After the glory days, it was so sad to see the training and personal decline of Sir Henry to the nadir of 2005 when he was barely in the top 100 trainer list, and had been reduced to a miserly 12 winners. Worse was to come, with the physical decline as stomach cancer took its grip. And yet, in the same way that his beloved roses would often have a late-flowering bloom, so Frankel provided the perfect ending to a magnificent Indian summer that began with Light Shift in 2007 and ran through to Champions’ Day at Ascot in the Autumn of 2012. I always felt that Frankel’s most brilliant performance was in the Queen Anne at Royal Ascot that year, when he thrashed Excelebration by 11 lengths and earned the highest ever Racing Post rating of 143. My wife Jack has a different view and thinks the 7-length victory in the Juddmonte International at York was more impressive for being over a longer trip. We were both on the Knavesmire that day, where the sense of the crowd’s overpowering goodwill towards the agonisingly frail trainer was almost tangible. We also both went to Champions’ Day to watch that victory, and followed Frankel in his final departure from the paddock, heading for his new career at stud. It was such a poignant moment, partly to see the last of a racehorse who had been undefeated over three seasons, but also because we believed he had helped keep his trainer alive, and that without him it would be hard to survive for very long. And so it has proved.

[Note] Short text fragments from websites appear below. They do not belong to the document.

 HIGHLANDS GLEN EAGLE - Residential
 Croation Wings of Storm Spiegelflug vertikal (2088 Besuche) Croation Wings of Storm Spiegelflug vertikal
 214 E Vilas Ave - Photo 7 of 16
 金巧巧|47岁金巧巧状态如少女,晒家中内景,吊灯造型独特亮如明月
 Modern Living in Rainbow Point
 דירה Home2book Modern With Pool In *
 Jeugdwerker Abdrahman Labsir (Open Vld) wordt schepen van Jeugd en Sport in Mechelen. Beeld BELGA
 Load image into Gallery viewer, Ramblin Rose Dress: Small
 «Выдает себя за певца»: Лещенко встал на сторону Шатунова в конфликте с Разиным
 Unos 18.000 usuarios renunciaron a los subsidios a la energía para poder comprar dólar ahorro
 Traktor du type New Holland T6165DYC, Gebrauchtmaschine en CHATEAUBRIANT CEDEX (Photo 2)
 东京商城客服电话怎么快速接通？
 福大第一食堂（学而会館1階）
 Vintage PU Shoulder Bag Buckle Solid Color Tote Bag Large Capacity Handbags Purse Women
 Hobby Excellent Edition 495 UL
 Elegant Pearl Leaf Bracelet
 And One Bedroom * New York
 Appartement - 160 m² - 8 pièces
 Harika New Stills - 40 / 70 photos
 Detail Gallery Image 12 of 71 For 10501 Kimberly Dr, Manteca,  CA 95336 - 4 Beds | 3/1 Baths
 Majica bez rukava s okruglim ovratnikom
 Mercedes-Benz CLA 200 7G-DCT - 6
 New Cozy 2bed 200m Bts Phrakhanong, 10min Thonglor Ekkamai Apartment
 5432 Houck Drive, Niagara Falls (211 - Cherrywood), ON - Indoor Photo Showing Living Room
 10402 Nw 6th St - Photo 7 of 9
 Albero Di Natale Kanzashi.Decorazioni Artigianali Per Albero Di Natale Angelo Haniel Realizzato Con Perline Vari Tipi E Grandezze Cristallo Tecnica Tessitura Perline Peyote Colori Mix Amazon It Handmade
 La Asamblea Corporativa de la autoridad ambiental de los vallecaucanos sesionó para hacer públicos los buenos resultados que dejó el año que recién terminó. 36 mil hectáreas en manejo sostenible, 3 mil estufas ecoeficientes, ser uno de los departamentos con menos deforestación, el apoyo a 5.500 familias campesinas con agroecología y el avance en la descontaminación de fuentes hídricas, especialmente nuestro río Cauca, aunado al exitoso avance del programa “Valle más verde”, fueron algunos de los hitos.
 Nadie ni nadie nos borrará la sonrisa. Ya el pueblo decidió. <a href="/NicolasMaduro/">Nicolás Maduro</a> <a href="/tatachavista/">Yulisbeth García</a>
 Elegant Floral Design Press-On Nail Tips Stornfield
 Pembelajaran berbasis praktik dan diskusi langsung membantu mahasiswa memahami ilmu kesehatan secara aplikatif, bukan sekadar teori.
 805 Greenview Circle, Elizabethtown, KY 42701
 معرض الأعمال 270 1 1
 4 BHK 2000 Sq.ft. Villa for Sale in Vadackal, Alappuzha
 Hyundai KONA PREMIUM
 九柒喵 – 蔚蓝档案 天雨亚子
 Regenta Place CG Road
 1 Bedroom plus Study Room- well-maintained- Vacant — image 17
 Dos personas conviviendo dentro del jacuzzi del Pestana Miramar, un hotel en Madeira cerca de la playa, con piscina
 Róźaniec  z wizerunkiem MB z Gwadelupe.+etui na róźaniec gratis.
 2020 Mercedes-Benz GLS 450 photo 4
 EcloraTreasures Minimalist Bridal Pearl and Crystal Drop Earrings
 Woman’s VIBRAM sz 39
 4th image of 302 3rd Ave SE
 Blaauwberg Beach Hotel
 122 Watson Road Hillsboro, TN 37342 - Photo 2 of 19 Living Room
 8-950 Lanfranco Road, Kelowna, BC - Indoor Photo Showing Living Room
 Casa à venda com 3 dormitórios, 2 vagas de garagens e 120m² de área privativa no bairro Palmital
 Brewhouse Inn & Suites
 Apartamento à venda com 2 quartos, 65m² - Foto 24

The five best Flat trainers I’ve seen are Vincent O’Brien, AndrĂ© Fabre, Sir Michael Stoute, Aidan O’Brien and Sir Henry Cecil. There are common characteristics: instinctive empathy for the racehorse, extreme patience and the ability to fine-tune and channel a horse’s natural talent so that it can deliver the highest quality of performance on the track. But to my eyes Sir Henry would be primus inter pares when compared to those other great trainers. Most definitely first amongst equals, not only because of what he achieved in training terms but through his charm, approachability and self-effacing dignity. A much-loved person who will be massively missed, not just by his friends and family but by the whole racing community.